Third, Lenin also refuted the bourgeois idea of absolute freedom of creation. He pointed out that: your talk about absolute freedom is sheer hypocrisy. There can be no real and effective “freedom” in a society based on the power of money, in a society in which the masses of working people live in poverty and the handful of rich live like parasites. This absolute freedom is a bourgeois or an anarchist phrase (since, as a world outlook, anarchism is bourgeois philosophy turned inside out; it is necessary to expose and resist it.

Party literature should be a free literature, because the idea of socialism and sympathy with the working people, and not greed or careerism, will bring ever new forces to its ranks. It will be a free literature, because it will serve, not some satiated heroine, not the bored “upper ten thousand” suffering from fatty degeneration, but the millions and tens of  millions of working people—the flower of the country, its strength and its future. It will be a free literature, enriching the last word in the revolutionary thought of mankind with the experience and living work of the socialist proletariat, bringing about permanent interaction between the experience of the past (scientific socialism, the completion of the development of socialism from its primitive, utopian forms) and the experience of the present (the present struggle of the worker comrades). Lenin argued that such a transformation in the attributes of literature would be difficult under the new historical conditions of the time, but the party had to clearly set out this new task and set about solving it.

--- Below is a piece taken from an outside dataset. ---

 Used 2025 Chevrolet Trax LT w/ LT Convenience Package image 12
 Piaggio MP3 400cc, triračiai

Fourthly, Lenin emphasized that the Party literature should be subject to Party supervision and freedom of speech should be advocated, but every voluntary association including our party is also free to expel members who use the name of the party to advocate their anti-party views. Lenin added: the border-line between party and anti-party there is the party programme, the party’s resolutions on tactics and its rules.

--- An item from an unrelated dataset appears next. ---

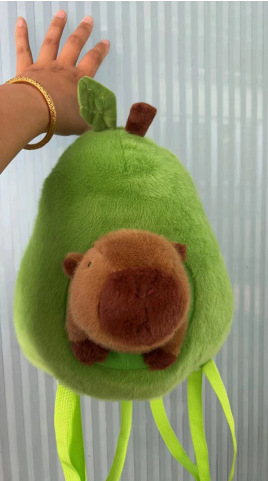 2024 nueva mochila de carpincho de felpa Kapibala linda bolsa de piel de todo fósforo mochila de estudiante de dibujos animados femenina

Lenin pointed out that the absolute freedom advocated by bourgeois individualists was nothing but hypocrisy and empty talk related to bourgeoisie or anarchism. Lenin also proposed: every newspaper, journal, publishing house, etc., must immediately set about reorganising its work, leading up to a situation in which it will, in one form or another, be integrated into one Party organisation or another. Only then will “Social-Democratic” literature really become worthy of that name, only then will it be able to fulfil its duty and, even within the framework of bourgeois society, break out of bourgeois slavery and merge with the movement of the really advanced and thoroughly revolutionary class.

Lenin’s proposition that “All Social-Democratic literature must become Party literature”, that the Party’s literature should be supervised by the Party and that freedom of expression should be promoted, but no writer should be allowed to use the name of the party to advocate their anti-party views, and other relevant views have a distinct political nature and still bears important practical relevance today.